:: Extracted material ::
= = = = =
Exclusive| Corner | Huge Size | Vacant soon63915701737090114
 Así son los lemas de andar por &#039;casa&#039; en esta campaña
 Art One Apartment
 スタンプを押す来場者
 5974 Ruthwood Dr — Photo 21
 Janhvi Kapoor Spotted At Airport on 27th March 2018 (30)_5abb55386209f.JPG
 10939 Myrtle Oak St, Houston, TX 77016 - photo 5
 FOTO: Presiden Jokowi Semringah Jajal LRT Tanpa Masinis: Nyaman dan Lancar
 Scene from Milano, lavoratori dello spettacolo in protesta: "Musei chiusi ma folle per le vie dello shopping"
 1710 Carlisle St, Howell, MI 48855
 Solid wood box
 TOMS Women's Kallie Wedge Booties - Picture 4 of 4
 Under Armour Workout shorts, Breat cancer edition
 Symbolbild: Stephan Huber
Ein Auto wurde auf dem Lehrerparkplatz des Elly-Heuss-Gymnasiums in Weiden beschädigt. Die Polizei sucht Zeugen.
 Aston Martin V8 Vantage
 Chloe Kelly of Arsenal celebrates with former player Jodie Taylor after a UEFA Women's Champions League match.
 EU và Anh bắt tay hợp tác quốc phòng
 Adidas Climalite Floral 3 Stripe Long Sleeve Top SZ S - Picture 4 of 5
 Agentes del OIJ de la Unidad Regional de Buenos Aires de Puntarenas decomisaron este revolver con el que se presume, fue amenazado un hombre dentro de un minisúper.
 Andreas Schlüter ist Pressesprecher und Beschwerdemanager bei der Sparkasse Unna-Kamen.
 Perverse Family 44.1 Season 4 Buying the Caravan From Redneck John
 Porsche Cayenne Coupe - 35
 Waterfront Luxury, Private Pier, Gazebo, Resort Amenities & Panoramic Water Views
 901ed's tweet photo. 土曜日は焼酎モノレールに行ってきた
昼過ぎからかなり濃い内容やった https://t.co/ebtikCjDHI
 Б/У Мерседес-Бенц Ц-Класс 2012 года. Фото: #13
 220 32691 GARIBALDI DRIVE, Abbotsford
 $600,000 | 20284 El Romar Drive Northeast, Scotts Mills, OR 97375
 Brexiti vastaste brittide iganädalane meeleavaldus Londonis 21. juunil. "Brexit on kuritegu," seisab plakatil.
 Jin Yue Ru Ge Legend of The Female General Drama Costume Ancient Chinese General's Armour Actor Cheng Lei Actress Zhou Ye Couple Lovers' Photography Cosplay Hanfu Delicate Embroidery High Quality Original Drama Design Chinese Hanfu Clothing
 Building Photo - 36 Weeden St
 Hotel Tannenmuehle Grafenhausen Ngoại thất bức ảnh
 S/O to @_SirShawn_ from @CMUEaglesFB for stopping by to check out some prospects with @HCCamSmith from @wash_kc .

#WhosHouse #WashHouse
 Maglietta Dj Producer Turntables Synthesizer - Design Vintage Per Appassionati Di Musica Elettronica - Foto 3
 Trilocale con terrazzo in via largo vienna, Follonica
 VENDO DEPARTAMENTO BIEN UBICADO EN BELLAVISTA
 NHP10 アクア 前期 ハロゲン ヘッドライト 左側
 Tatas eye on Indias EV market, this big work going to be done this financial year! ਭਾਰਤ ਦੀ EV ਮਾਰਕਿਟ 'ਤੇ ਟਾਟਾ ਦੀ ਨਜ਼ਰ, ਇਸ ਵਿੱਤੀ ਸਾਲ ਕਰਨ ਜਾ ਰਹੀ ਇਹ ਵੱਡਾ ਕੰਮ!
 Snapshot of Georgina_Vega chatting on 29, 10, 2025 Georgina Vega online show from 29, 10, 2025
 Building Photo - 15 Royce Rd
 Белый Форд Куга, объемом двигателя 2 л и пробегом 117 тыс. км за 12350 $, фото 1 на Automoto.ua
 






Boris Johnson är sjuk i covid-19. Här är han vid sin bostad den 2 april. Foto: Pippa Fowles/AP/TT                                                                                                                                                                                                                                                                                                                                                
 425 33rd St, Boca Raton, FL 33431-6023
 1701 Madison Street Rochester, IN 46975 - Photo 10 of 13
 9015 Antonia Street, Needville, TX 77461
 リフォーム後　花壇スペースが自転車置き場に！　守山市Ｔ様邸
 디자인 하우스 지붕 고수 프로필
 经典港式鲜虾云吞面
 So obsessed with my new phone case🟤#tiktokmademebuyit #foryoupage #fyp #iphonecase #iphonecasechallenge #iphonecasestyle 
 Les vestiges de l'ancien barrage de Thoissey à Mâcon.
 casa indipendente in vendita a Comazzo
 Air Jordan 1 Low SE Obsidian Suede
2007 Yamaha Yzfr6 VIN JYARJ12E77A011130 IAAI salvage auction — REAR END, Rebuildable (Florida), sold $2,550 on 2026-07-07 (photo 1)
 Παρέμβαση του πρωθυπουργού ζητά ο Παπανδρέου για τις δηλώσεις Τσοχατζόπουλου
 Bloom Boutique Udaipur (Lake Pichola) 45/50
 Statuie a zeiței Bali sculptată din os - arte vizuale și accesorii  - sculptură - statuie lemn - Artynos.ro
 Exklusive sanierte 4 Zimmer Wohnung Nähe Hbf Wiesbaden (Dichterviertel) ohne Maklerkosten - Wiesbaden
= = = = =
:: What you are asked to do ::
Where the listing above reaches the line that contains "Art One Apartment", start retyping, and finish with the line that contains "Aston Martin V8 Vantage"; reproduce those lines exactly and no others.

:: Result below ::
 Art One Apartment
 スタンプを押す来場者
 5974 Ruthwood Dr — Photo 21
 Janhvi Kapoor Spotted At Airport on 27th March 2018 (30)_5abb55386209f.JPG
 10939 Myrtle Oak St, Houston, TX 77016 - photo 5
 FOTO: Presiden Jokowi Semringah Jajal LRT Tanpa Masinis: Nyaman dan Lancar
 Scene from Milano, lavoratori dello spettacolo in protesta: "Musei chiusi ma folle per le vie dello shopping"
 1710 Carlisle St, Howell, MI 48855
 Solid wood box
 TOMS Women's Kallie Wedge Booties - Picture 4 of 4
 Under Armour Workout shorts, Breat cancer edition
 Symbolbild: Stephan Huber
Ein Auto wurde auf dem Lehrerparkplatz des Elly-Heuss-Gymnasiums in Weiden beschädigt. Die Polizei sucht Zeugen.
 Aston Martin V8 Vantage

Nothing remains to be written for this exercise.